Society for Social Work and Research

Sixteenth Annual Conference Research That Makes A Difference: Advancing Practice and Shaping Public Policy
11-15 January 2012 I Grand Hyatt Washington I Washington, DC

192 Understanding Individual, Institutional, and Environmental Determinants of Savings and Asset Accumulation Globally: Examples From Uganda, United States China, and Ghana

Sunday, January 15, 2012: 10:45 AM-12:15 PM
Farragut Square (Grand Hyatt Washington)
Cluster: International Social Work and Global Issues
Symposium Organizer:
Gina Chowa, PhD, University of North Carolina at Chapel Hill
Background and Purpose: Saving and asset building are of interest to many professions. As a result examining and explaining the determinants of saving and asset building has received remarkable attention. Determinants include income and age by economists (Modigliani & Ando, 1957), personality characteristics by behavioral economists, (Katona, 1975; Thaler & Shefrin, 1981; Wärneryd, 1999), and class and social stratification by sociologists (D'Souza, 1981; Weber, 1967). Social workers examine the effect of institutional variables such as access, incentives, expectation, and facilitation in promoting saving (Beverly & Sherraden, 1999; Sherraden, 1991; Sherraden, Schreiner, & Beverly, 2003) in addition to internal capabilities of people (Sherraden, 2010). Although remarkable progress in understanding determinants has been made, understanding what combination of these determinants propels poor peoples savings and assets is not complete.

This symposium aims to present studies from Uganda, China, Ghana and United States that use a range of models of determinants of saving and asset accumulation. These include individual and family (economic and psychology), environmental (social class), and institutional and programmatic (economics and sociology).

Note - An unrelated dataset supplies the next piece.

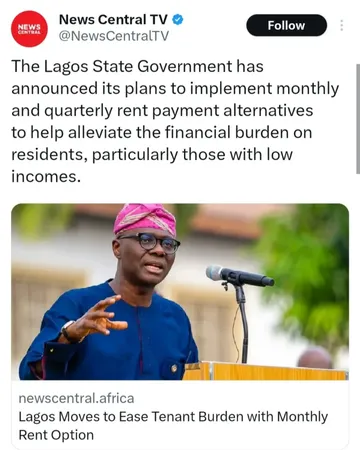 Lagos State is planning to introduce monthly and quarterly rent payment options to ease the burden of yearly rent on residents, especially low-income earners.According to Housing Commissioner Moruf Ak...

Methods: The Uganda project (n=203) uses Hierarchical Regression Modeling (HRM) to assess the importance of a set of predictor variables, on savings. The study in the United States employs Growth Mixture Models (GMM) to explore asset accumulation patterns of families with young children (n=991 mothers and n=1036 children). The China project uses descriptive (n=1200), administrative and in-depth interviews (n=20) to assess associations of programmatic factors and asset accumulation. The Ghana project uses Confirmatory Factor Analysis (CFA) (n=51) and cognitive interview (n=20) of samples of youth ages 12 to 14 to investigate internal and external factors of Financial Capability.

Results: In the Uganda study, HRMs analysis suggest that compared with the individual and environmental/structural perspective, institutional features explain a large part of the variance in saving outcome (incremental R2= 0.332). Findings from the China project indicate that the program increased local farmer's access to financial services by 92%, augmented local social insurance funds by an annual growth rate of 8.3%, increased retirement savings by participants by 57%. The Ghana project findings indicate that dropping items such as borrowing money and talking to family members improved reliability from α=.08 to α=.65 in a money management scale. In the United States study age of mothers at time of child birth (older mothers have 1.5 times odds of belonging to high savings classes than low saving class), and race, with non-Black/non-Hispanic mothers are 12.5 times the odds of belonging to the high savings class compared to African-American mothers.

Conclusions: The findings from this symposium suggest that institutional structures encouraging low-income individuals to save may contribute to a poverty reduction policy that shifts from just income supplementation to more inclusive wealth promotion policy.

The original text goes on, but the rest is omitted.